We have acute and chronic implications. Acute means immediate implications. We have all kinds of skin manifestations, irritations, inflammation of the skin etc; some, when they have wounds, it doesn’t heal on time. Then we have chronic implications. Some people have bleached for up to 10-20 years. The most painful are those that result in infertility. These are chemicals; they get into the system and distort the entire hormonal balance. Research has shown it. Some people have numbness in the hand and tingling sensations.
Then, we have kidney failures from mercury-containing creams. We also have depression, difficulty to sleep. Why? It’s an indirect thing. You want to be fair complexioned. Once you start, you look so beautiful but a little way into it, with the effect of the sun, it oxidizes – causing the face to be darker. The more cream you use, the darker you get.
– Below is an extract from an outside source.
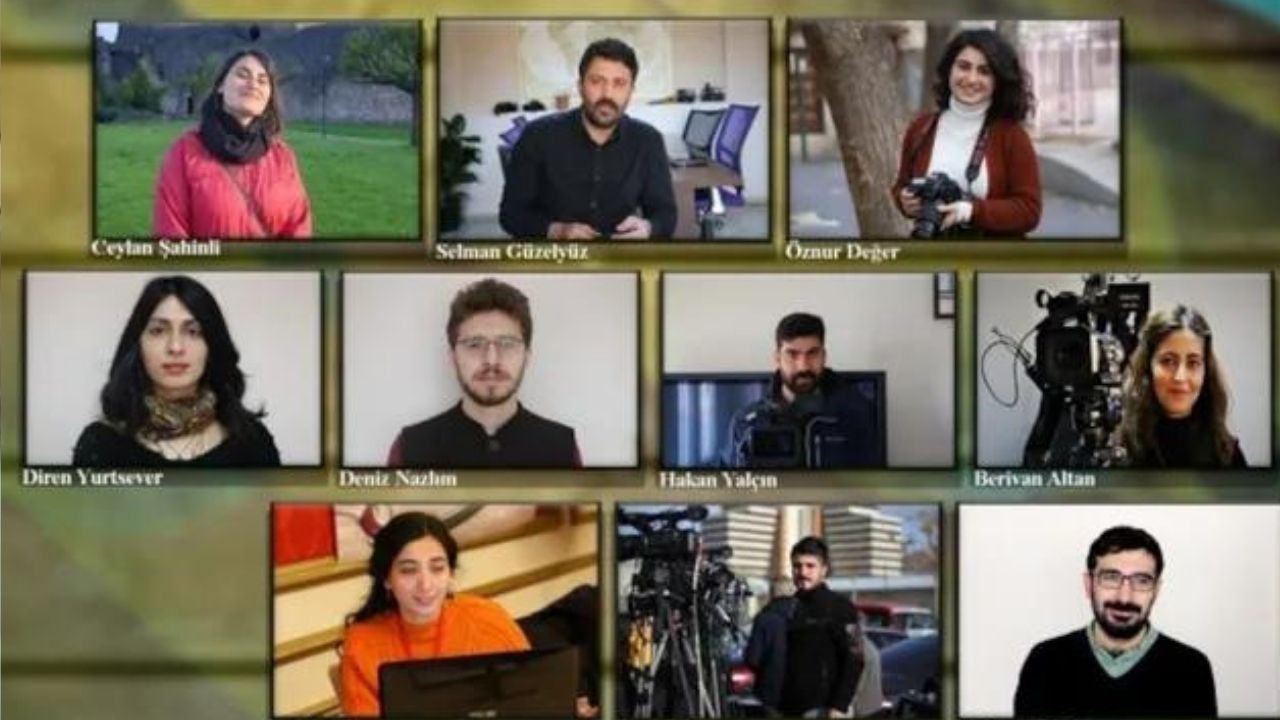 Gözaltındaki gazeteciler Ankara Adliyesi’ne götürüldü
At some point, they bleach off their entire skin; you can even see their veins, increasing the permeability of the cream into the body.
You also have cosmetic implications such as stretch marks; some of which are irreversible.
What can the government do in terms of policies that can help to stop importation of some of these harmful creams?
Part of what we are doing as a foundation is to conduct this advocacy visit to schools. I can tell you that parents are also buying their children into this practice. They buy the creams. I have seen children with sun burns and when you see their parents, you’d understand where they are coming from. We want to develop materials that can help these children and to get policy makers to adopt the materials and create some legislative ban on some of these creams imported into the country. Some are over-the-counter creams but are still being used.
If bleaching is bad enough, how do you explain men who also engage in this unwholesome practice?
Geographically, there are certain places that you go to and you notice that the men are also bleaching. There are certain groups of men in certain work places, I don’t want to mention names, where men are also bleaching. I believe that if we can get to the women, we can also reach the men because, the women are the ones who buy the creams used at home. And those who buy the right creams, the men use it with them.
How far are you willing to go with this campaign?
We are about to start our pilot programme. We are starting off in partnership with the Lagos State Ministry of Youth & Social Development. We are conducting our pilot entrepreneurship programme. We are going to empower about 200 youths on how to use basic raw materials available to transform them into ingredients for transparent, cosmetic end-products. Next year, our focus will be on women. It’s a small movement today but I believe in the years to come, we should be able to reach quite a number of people. In future, we hope to bring in pageantry as well as arts and culture to promote this concept of Black in Beauty. We would employ every means to promote the African heritage.